Introduction to Shakespeare
These goals will be accomplished through careful reading and discussion of the texts; analysis of plays performed on both stage and screen; and written work, including short response papers and a longer analytical essay. In order to meet the objectives outlined above, the work of the course will be structured so as to meet the following specific learning outcomes and to encourage the development of the following skills:
Study, create, or participate in the creation of some forms of literary production as a means of exploring human experience and understanding the creative process.
Students will study the plays and poems of Shakespeare, usually recognized as the greatest author in the English language and especially famous for the wide range of human experiences and emotions, such as love, revenge, or political ambition, represented in his works. By reading a selection of plays in different genres (tragedy, comedy, history) covering the periods of Shakespeare’s career, they will also learn how a creative artist varies and deepens his interpretation as he matures.
Acquire the critical and technical vocabulary enabling them to describe and analyze, and formulate an argument about, literary productions.
Students will acquire and be able to use the technical vocabulary necessary for describing poetry and elements of poetry (e.g., sonnets and blank verse; image, symbol, and metaphor) and dramatic construction (the parts of a tragedy, e.g., exposition, climax, denouement; soliloquy, dialogue, aside; plot, character, setting, dramatic irony). Students will also learn about Elizabethan theatrical conditions and the appropriate vocabulary for describing them (e.g., amphitheater, indoor theatre, discovery space, “the top,” boy players, sharers).
Assess how formal qualities of literary productions determine the nature of the experience offered and affect the response of the audience.
The impact on the reader of authorial choices such as generic difference (e.g., tragic catharsis versus comic reconfirmation of community) and of poetic patterns (prose versus verse in history plays, the Shakespearean or Petrarchan sonnet form) will be examined.
*Examine multiple interpretive possibilities of any literary work, and know that such interpretations both reflect the cultures that produce(d) them and change over time.
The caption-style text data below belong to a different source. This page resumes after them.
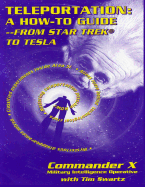 Teleportation: A How to Guide: From Star Trek to Tesla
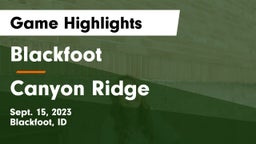 Blackfoot  vs Canyon Ridge  Game Highlights - Sept. 15, 2023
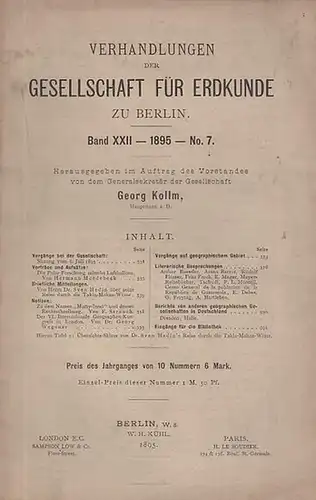Verhandlungen der Gesellschaft für Erdkunde zu Berlin.   Kollm (Hauptmann a.D.), Georg (Hrsg.): Verhandlungen der Gesellschaft für Erdkunde zu Berlin. Band XXII, 1895.. 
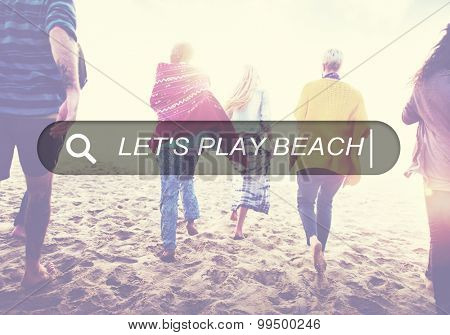 Let's Play Beach Summer Sand Sea Playful Happiness Concept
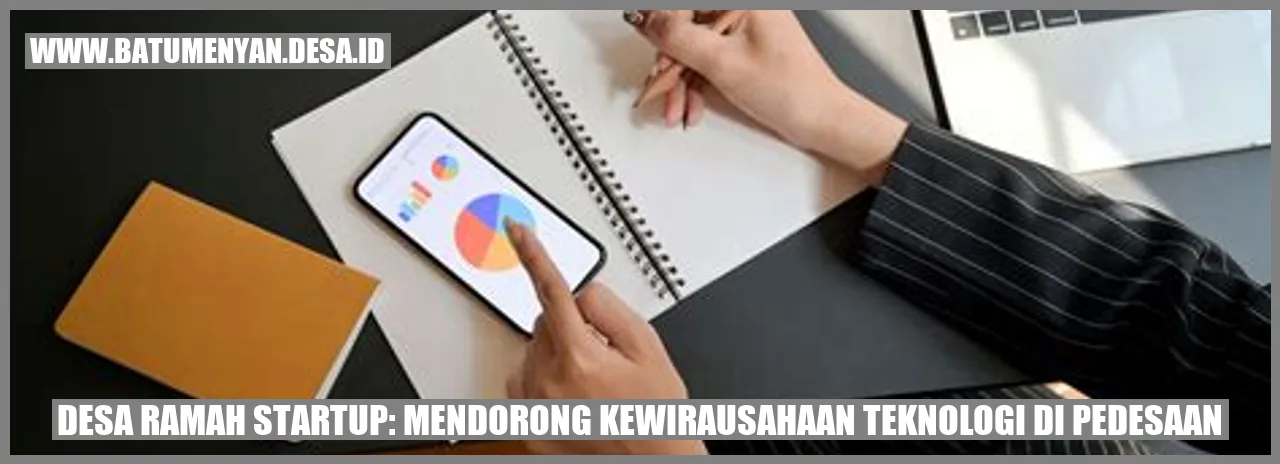 Desa Ramah Startup: Mendorong Kewirausahaan Teknologi di Pedesaan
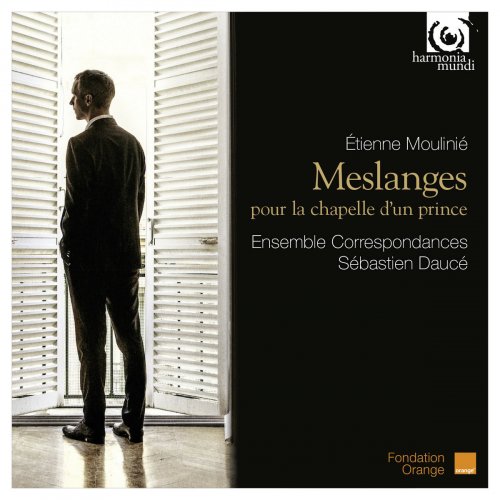 Ensemble Correspondances & Sébastien Daucé - Etienne Moulinié: Meslanges pour la Chapelle d'un Prince (2014) [Hi-Res]
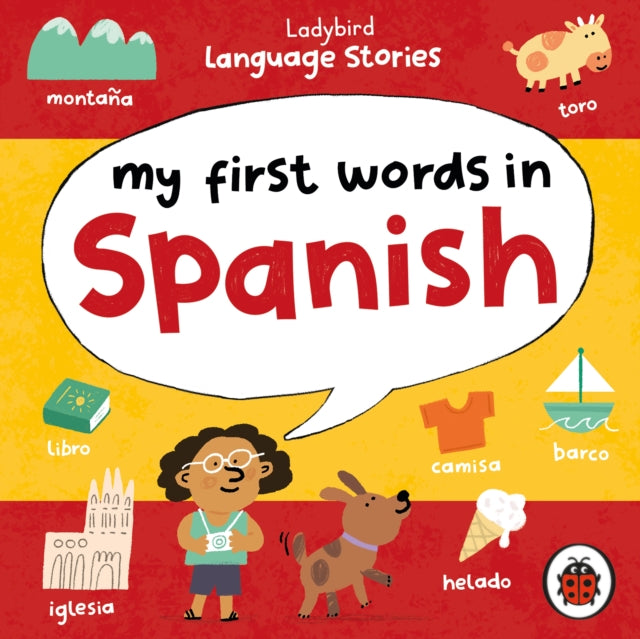 Book cover of: Ladybird Language Stories: My First Words in Spanish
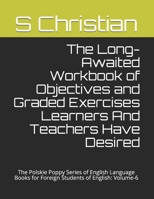 The Long-Awaited Workbook of Objectives and Graded Exercises Learners And Teachers Have Desired: The Polskie Poppy Series of English Language Books for Foreign Students of English: Volume-6 null Book Cover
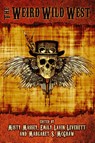 The Weird Wild West - Faith Hunter ; Jonathan Maberry ; Gail Z Martin - 9781942990017
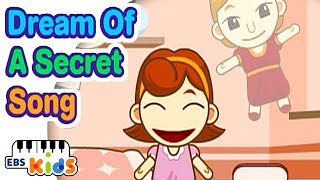Ebs Kids Song - Dream Of A Secret Song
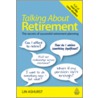 Talking About Retirement door Lin Ashurst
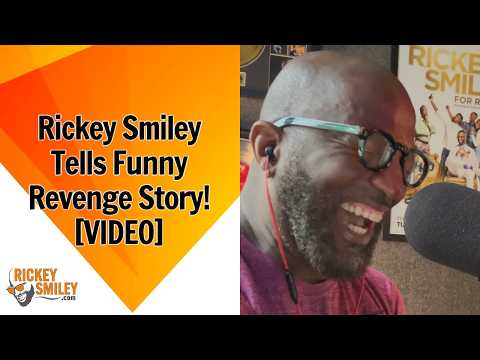 Rickey Smiley Tells Funny Revenge Story!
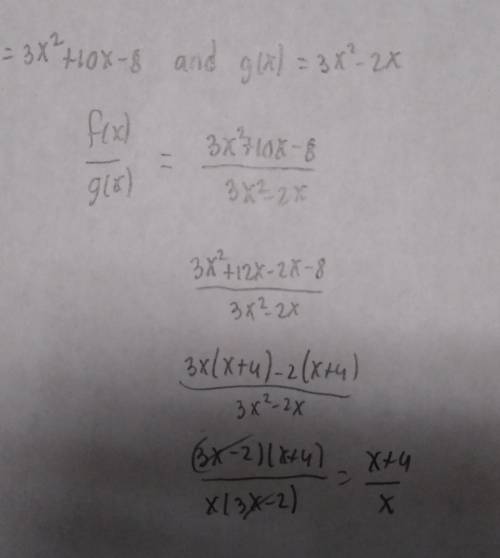 Given f(x) = 3x2 + 10x - 8 and g(x) = 3x2 - 2xwhat is (f/g)(x)?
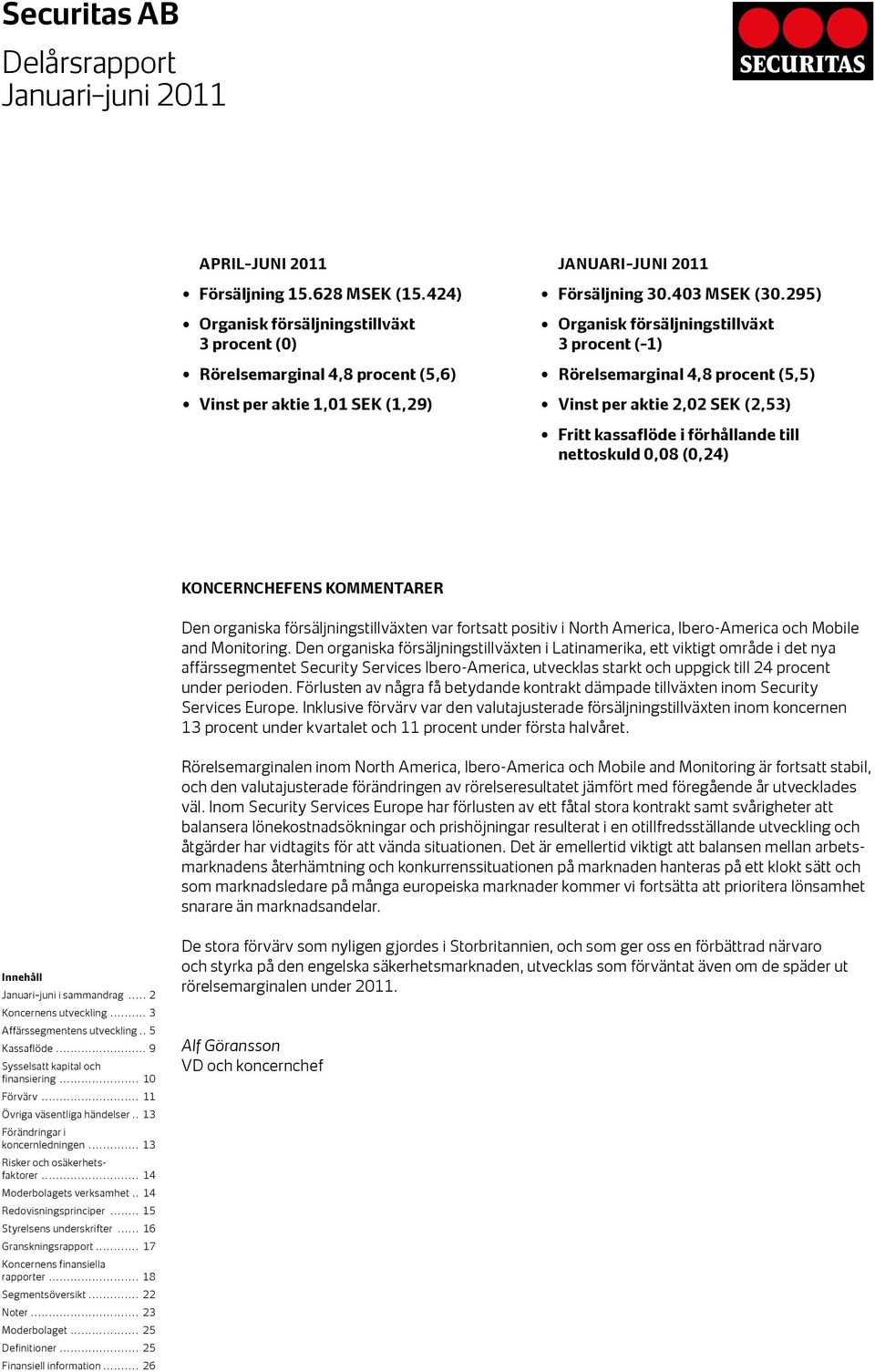 295) Organisk försäljningstillväxt 3 procent ( 1) Rörelsemarginal 4,8 procent (5,5) Vinst per aktie 2,02 SEK (2,53) Fritt kassaflöde i förhållande till nettoskuld 0,08 (0,24) KONCERNCHEFENS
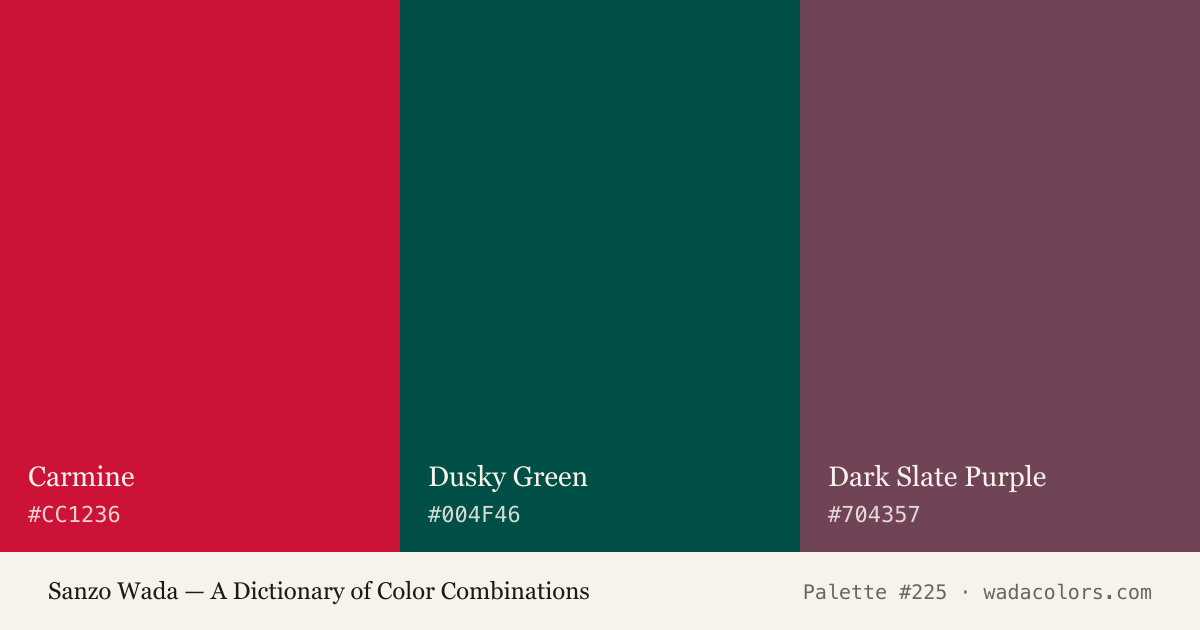 Sanzo Wada color palette #225: Carmine, Dusky Green, Dark Slate Purple, with hex codes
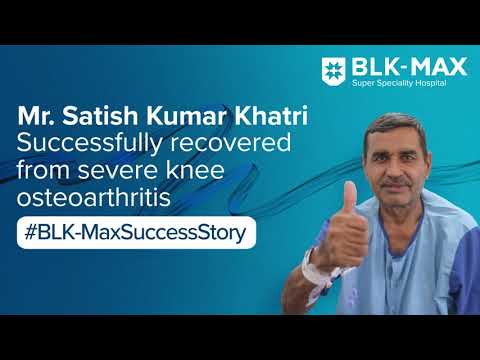  Knee Replacement Surgery | Patient Success Story | BLK-Max Super Speciality Hospital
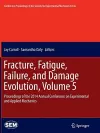 Fracture, Fatigue, Failure, and Damage Evolution, Volume 5 cover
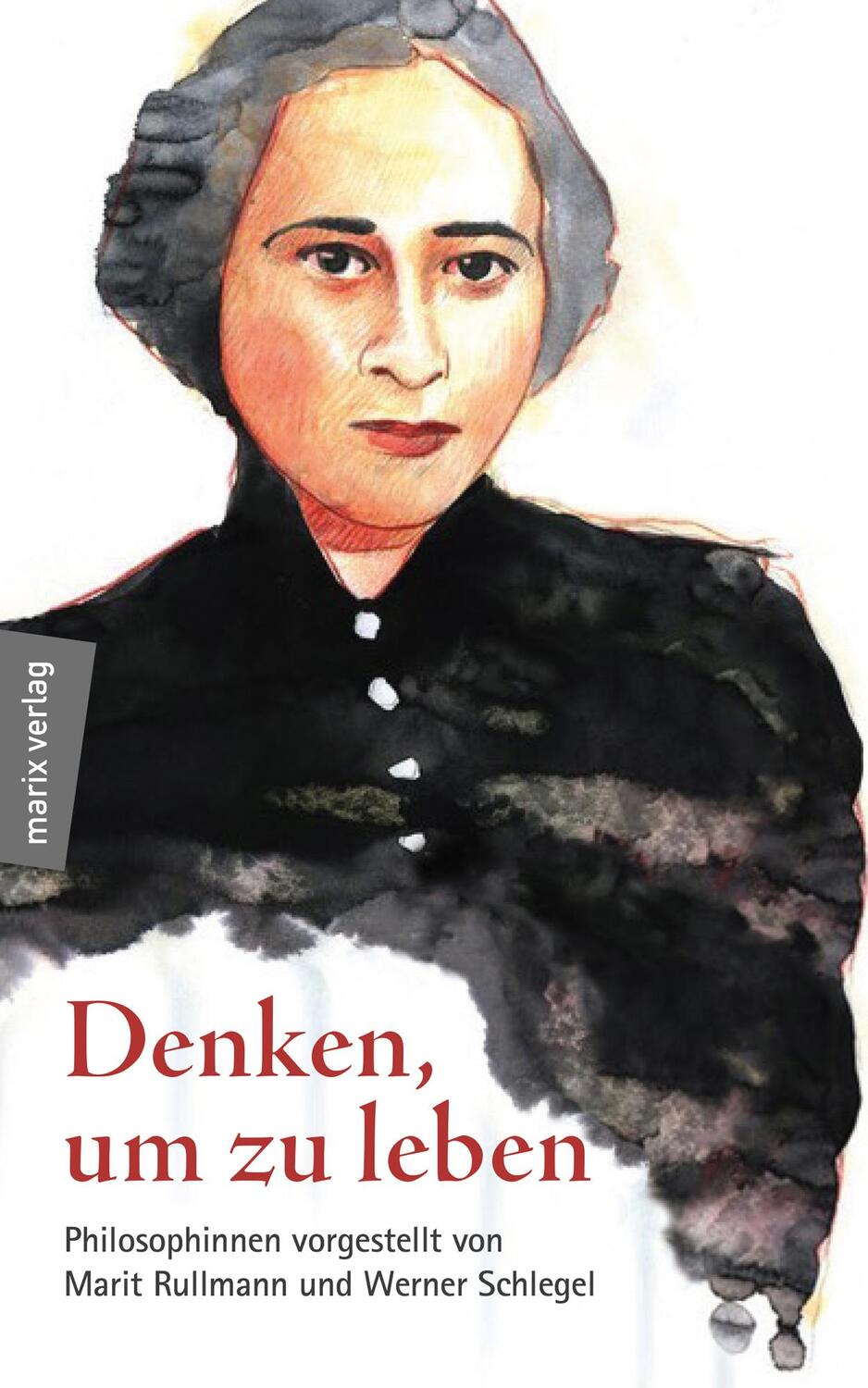 Cover: 9783737410878 | Denken, um zu leben | Philosophinnen | Marit Rullmann (u. a.) | Buch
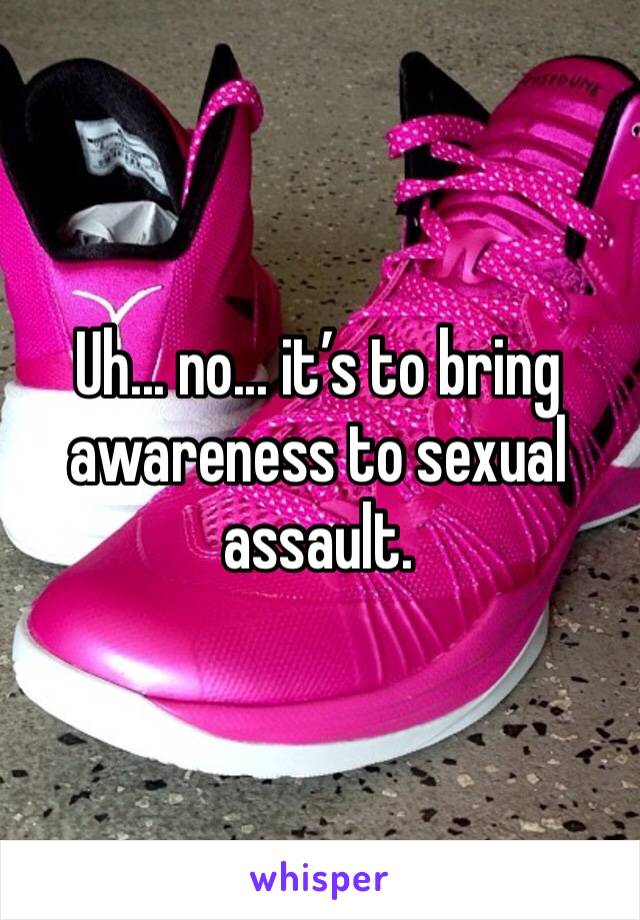 Uh... no... it’s to bring awareness to sexual assault. 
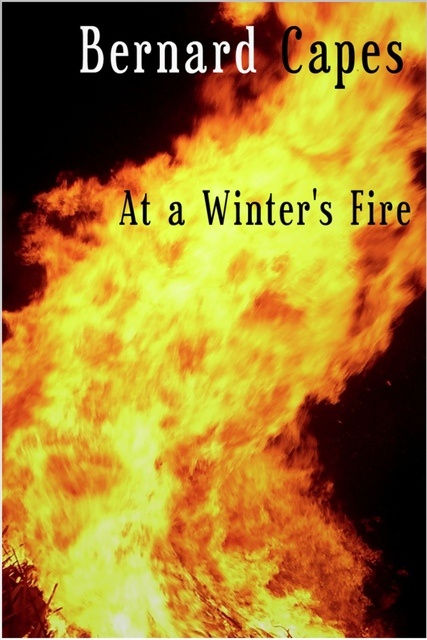 Bernard Capes - At a Winter's Fire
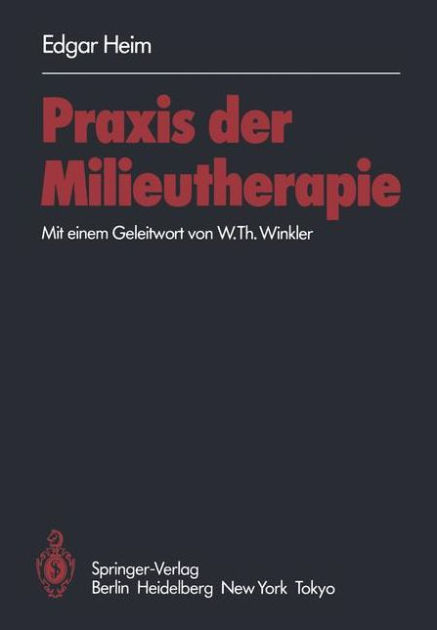 Praxis Der Milieutherapie 9783540135715 Img1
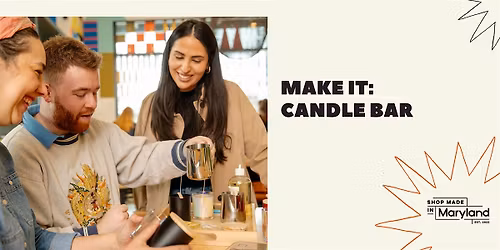 Make & Sip Saturdays: Candle Bar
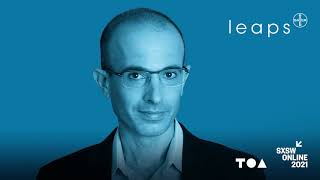 Leaps Talk #8 | Yuval Noah Harari @ SXSW 2021  | Ethics for Coders |  Excerpt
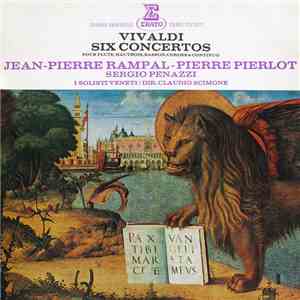 Vivaldi, Jean-Pierre Rampal - Pierre Pierlot, Sergio Penazzi, I Solisti Veneti, Claudio Scimone - Six Concertos Pour Flute, Hautbois, Basson, Cordes & Continuo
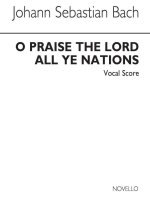 BACH, JS O PRAISE THE LORD (LOBET DEN HERRN) MOTET NO 6 SATB/ORGAN CHANT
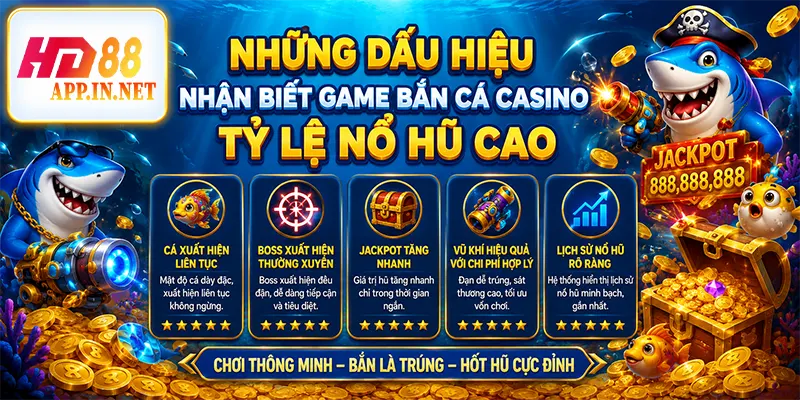 Những dấu hiệu nhận biết game bắn cá casino tỷ lệ nổ hũ cao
Using such works as [Macbeth] students will examine the way cultural beliefs (e.g., divine right of kings; debates about revenge; differing Protestant and Catholic attitudes toward ghosts) affect interpretation. They will also be introduced to the history of Shakespeare criticism, which exemplifies the development of multiple interpretive possibilities and methods of literary criticism (e.g., humanist, feminist, historicist) over time.
Assess the relationships of works of literature to the cultural-historical nexus that produce(d) and use(d) them.
The course will examine Shakespeare’s cultural-historical nexus with particular attention to the simultaneous existence of contending attitudes towards such matters as hierarchy and degree, royal authority, patriarchy, revenge, and gender, and then analyze the ways that Shakespeare’s plays embody and articulate these tensions.